Our story begins with a quest for knowledge. The information we obtained from LinkedIn offers us unprecedented insights into the landscape of the Egyptian Software Industry.
If you love stories, you can check our conversation with Hazem and his friend Wael from here.
- Exploring the Landscape of the Egyptian Software Industry
We have collected the data for over 1,000 software companies.
And over 1,000 software professionals.
From more than 30 universities.
Emphasizing the following aspects.
We have analyzed and tortured the data to extract the following insights.
- New rising and available professions in the market.
- Effect of student activities on your career.
- Effect of college on your career.
- Turn over rates in Egypt.
- Factors affecting companies' turnover.
- ITI effect on the market.
- Shifting career in egypt.
Our data contains the scraped LinkedIn profiles of Egyptian Software Engineers and their companies. We collected different sections from each profile such as experience, skills, education, volunteering experience, and licenses and certificates. We also collected data about the companies such as the company name, company size, headquarters, industry, company description, etc…
When we started building our scraper that will extract the needed data from the profiles, we were surprised that LinkedIn doesn’t allow web scraping bots to crawl the pages. In addition, the request needs to be authenticated in order to get the profile data. We thought of using Selenium and making it behave like a human to login and search for profiles and collect the data in a slower manner, but we found out that LinkedIn has a limit of 200-500 profile views per day and would put your account under the possibility of getting banned. So, we decided to create fake accounts on LinkedIn and let Selenium use them to collect as many profiles as possible. Unfortunately, after leaving the scrapers for a few hours, we checked the downloaded profiles’ HTML and found out that only 3-10 profiles were downloaded and the rest of the files were Sign Up pages which means that LinkedIn locked the scraper from reaching the profiles. At last, we decided to do it manually and visit people’s profiles and download the HTML. We were capable of downloading about 1000 personal profiles and more than 1000 company profiles. We know that this isn’t enough and the results may not be very accurate but we tried to answer the questions in a way that enables us to get more accurate answers as more data we have.

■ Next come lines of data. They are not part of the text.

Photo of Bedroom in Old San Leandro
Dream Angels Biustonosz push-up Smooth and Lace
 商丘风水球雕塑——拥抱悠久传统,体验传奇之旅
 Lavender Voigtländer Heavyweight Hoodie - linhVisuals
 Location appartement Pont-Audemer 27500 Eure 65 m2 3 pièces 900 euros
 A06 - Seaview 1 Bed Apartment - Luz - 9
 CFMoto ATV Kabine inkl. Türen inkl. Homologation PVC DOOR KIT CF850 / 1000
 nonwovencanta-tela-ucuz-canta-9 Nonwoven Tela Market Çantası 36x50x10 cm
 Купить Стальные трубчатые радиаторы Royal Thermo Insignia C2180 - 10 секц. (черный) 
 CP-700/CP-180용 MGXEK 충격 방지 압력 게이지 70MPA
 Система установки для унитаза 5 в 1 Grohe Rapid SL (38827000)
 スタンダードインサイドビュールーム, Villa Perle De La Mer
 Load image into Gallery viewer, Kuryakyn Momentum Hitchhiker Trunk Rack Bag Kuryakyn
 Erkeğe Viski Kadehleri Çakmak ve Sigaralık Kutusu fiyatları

After downloading the HTML, we created different parsers using JavaScript to extract the needed data from the HTML files. At first, we extracted the section from each personal profile into separate files. Then created a parser for each section, Experience, Education, Volunteering Experience, Licenses and Certifications, Skills, and Languages. Each parser takes the HTML of its section and creates a JSON containing the extracted data. Lastly, we cleaned and normalized the JSON data and created CSV files in order to work with it easily.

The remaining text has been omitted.